Configure east-west and north-south firewall policies under predefined categories for your environment.

Distributed Firewall (east-west) and Gateway Firewall (north-south) offer multiple sets of configurable rules divided by categories. You can configure an exclusion list that contains logical switches, logical ports, or groups, to be excluded from firewall enforcement.

NSX Firewall simplifies policy definition by having pre-defined categories, which help in organizing rules.

  • Gateway firewall policy categories: emergency, system, pre-rules, local gateway, auto service, default. For more information see Gateway Firewall
  • Distributed firewall policy categories: ethernet, emergency, infrastructure, environment, application, default. For more information see Distributed Firewall.
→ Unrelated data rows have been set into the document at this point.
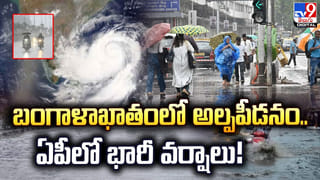 చిట్టీల పేరుతో కుచ్చుటోపీ.. కోట్లు దండుకొని పరార్‌!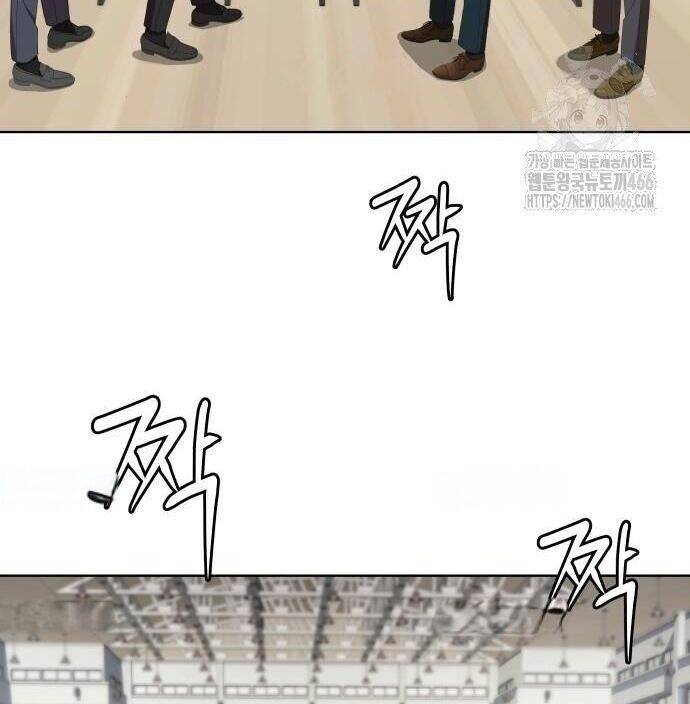 Từ nhân viên vạn năng trở thành huyền thoại - Chapter 65 - Page 56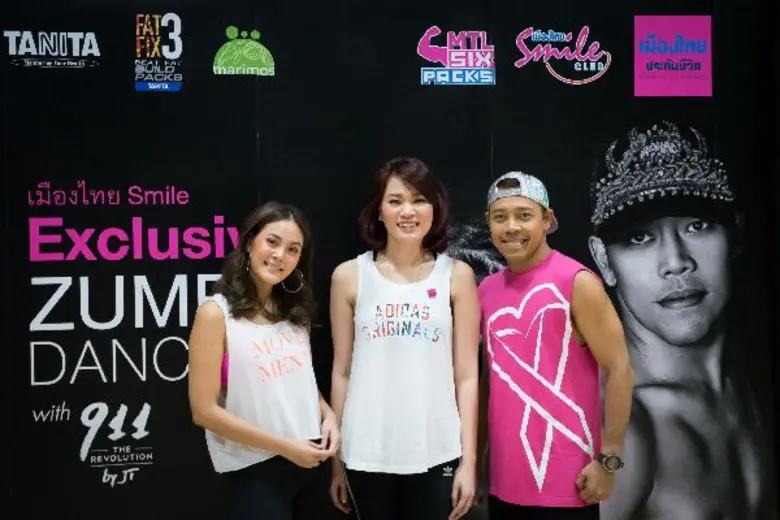 นางสาวดวงใจ ตั้งประสิทธิพร ผู้ช่วยกรรมการ...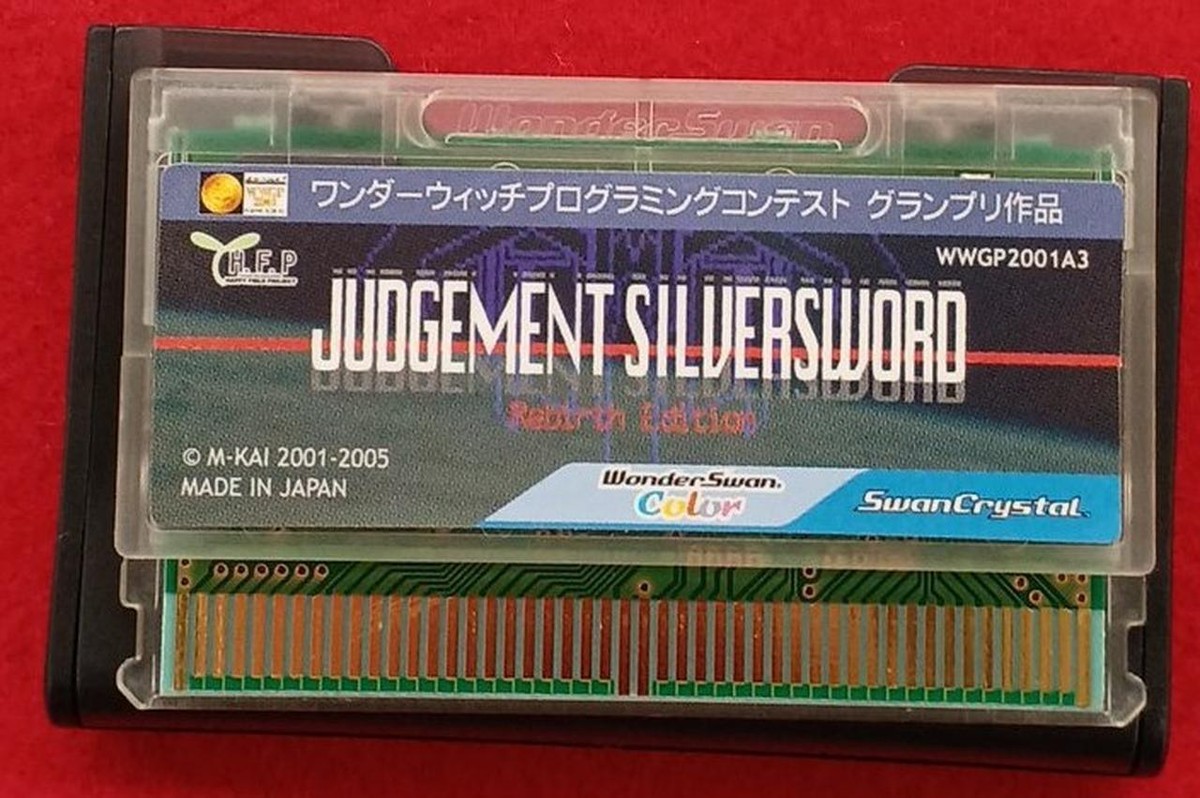 GLEP JUDGEMENT SILVERSWORD REBIRTH Wonder Swan Color from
The categories are ordered from left to right, and the rules are ordered from top to bottom. Packets are matched against the rules with top-to-bottom ordering within each category. Each packet is checked against the top rule starting with the left-most category's rule table before moving down the subsequent rules in that table. If no match is found, then the same check is performed against the rules in the next category. The first rule that matches the traffic parameters is enforced. If the rule action is Allow, Drop, or Reject, no subsequent rules can be enforced as the search is then terminated for that packet. The rules in the Environment category have a additional "Jump to Application" action; any packet that matches such a rule will also be matched against the rule table and be policed by the matching rule of the Application category with top-to-bottom ordering. Because of this behavior, it is always recommended to put the most granular policies at the top of the rule table. This ensures that they will be enforced before more generic rules.

The default NSX firewall rule that matches any packet not policied by a finer grain rule is configured with a permissive action. We recommend you configure more specific allowlist rules to permit traffic flows required by applications, and subsequently change the default rule to drop or reject in order to create a more secure security posture. Whether an east-west or north-south firewall fails close or fails open upon failure depends on the last rule in the firewall.

By default, the DFW implements the rule table and flow table model that most firewalls use. In the figure below, an IP packet identified as pkt1 matches rule number 2. The processing of a packet takes place as follows:
  1. A lookup is performed in the connection tracker table to determine if an entry for the flow already exists.
  2. As flow 2 is not present in the connection tracker table, a lookup is performed in the rule table to identify which rule is applicable to flow 2. The first rule that matches the flow will be enforced.
  3. Rule 2 matches for flow 2. The action is set to ‘Allow’.
  4. Because the action is set to ‘Allow’ for flow 2, a new entry will be created inside the connection tracker table. The packet is then transmitted out of DFW.